The main dataset being used contains academic scores for student athletes on NCAA Division 1 teams. The granularity of the data is at the school, sport, and gender level. The goal for this project is to determine if the academic scores for sports teams are correlated with the physicality of the sport. In other words, is there a correlation between contact sports and poor academic performance.
The data was extracted from different sources (csv, web scraping), cleaned and transformed to uniformity, and then loaded into a PostgreSQL database according to the below star schema.
Dimension Tables: date_dim
, location_dim
, school_dim
, sport_dim
Fact Table: academic_score_snapshot_fact
The dimensional model is implemented using a star schema.
Create and activate a virtual environment, then install the dependencies. All example code below is using Powershell.

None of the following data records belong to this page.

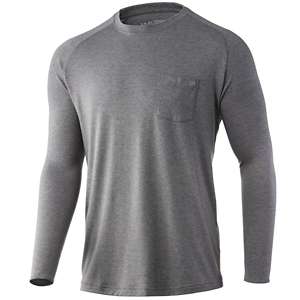 Huk Men's Performance Vented Long Sleeve Shirt, Gray, 3X-Large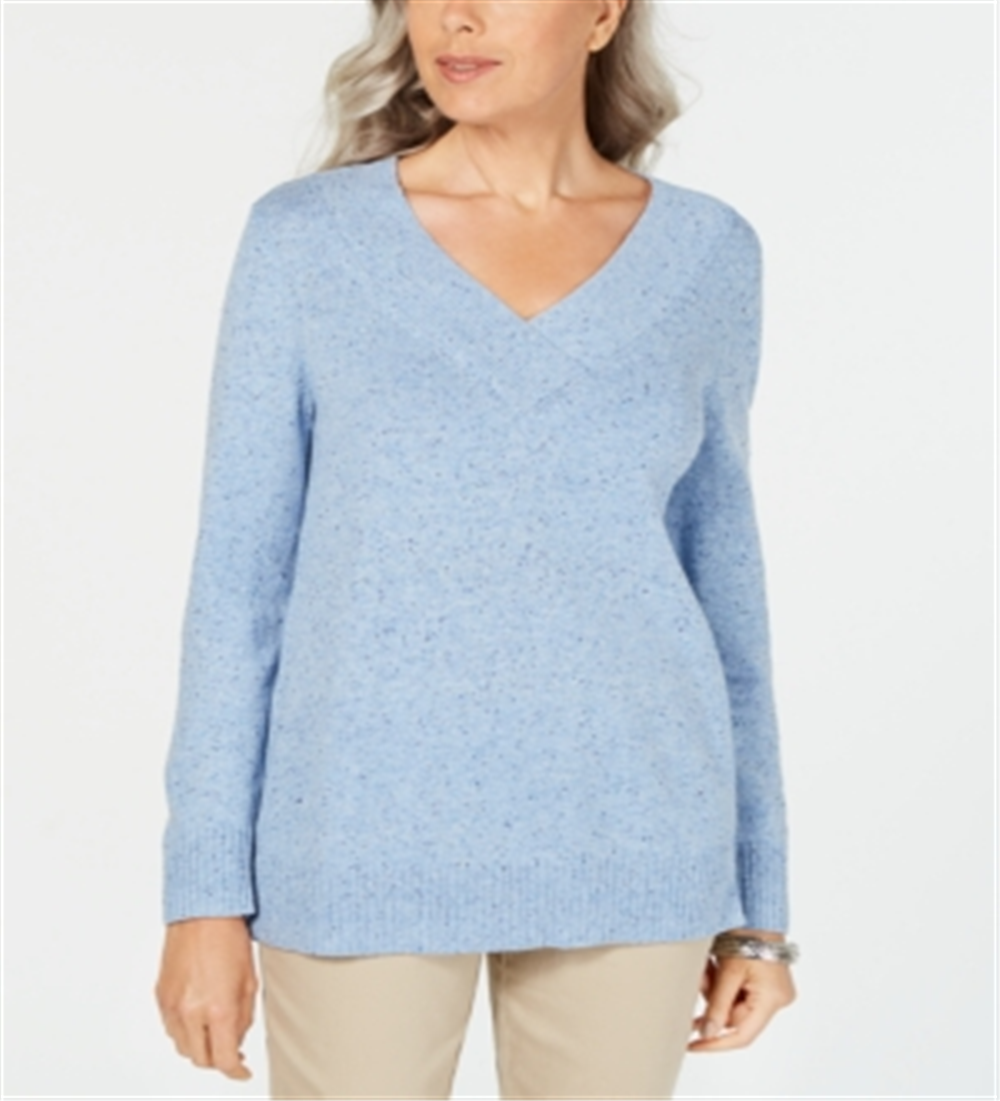 Karen Scott Women's V Neck Long Sleeve Sweater Blue Size Small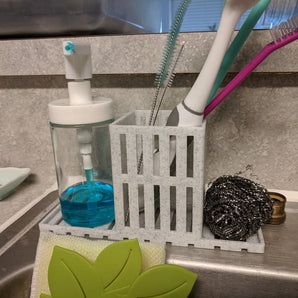 Práctico organizador de fregadero de cocina para detergente y esponja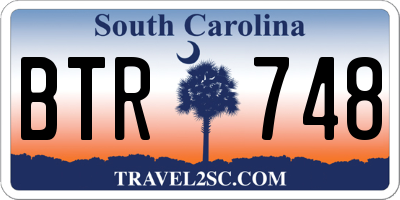 SC license plate BTR748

Note: venv_name is the name of your virtual environment
PS C:\> python -m venv venv_name
PS C:\> venv_name\Scripts\Activate.ps1
PS C:\> pip install -r packages.txt
To create PostgreSQL database and dimension and fact tables according to the above star schema, run the create_star_schema.py file.
PS C:\> python create_star_schema.py
Finally, to execute the ETL (Extract, Transform, Load) pipeline and populate the data warehouse according to the above star schema, run the loader.py file.
PS C:\> python loader.py
To test the code using pytest, run the following command in PowerShell:
PS C:\> pytest -q tests.py
Note: "-q" is used to condense the output of the above command.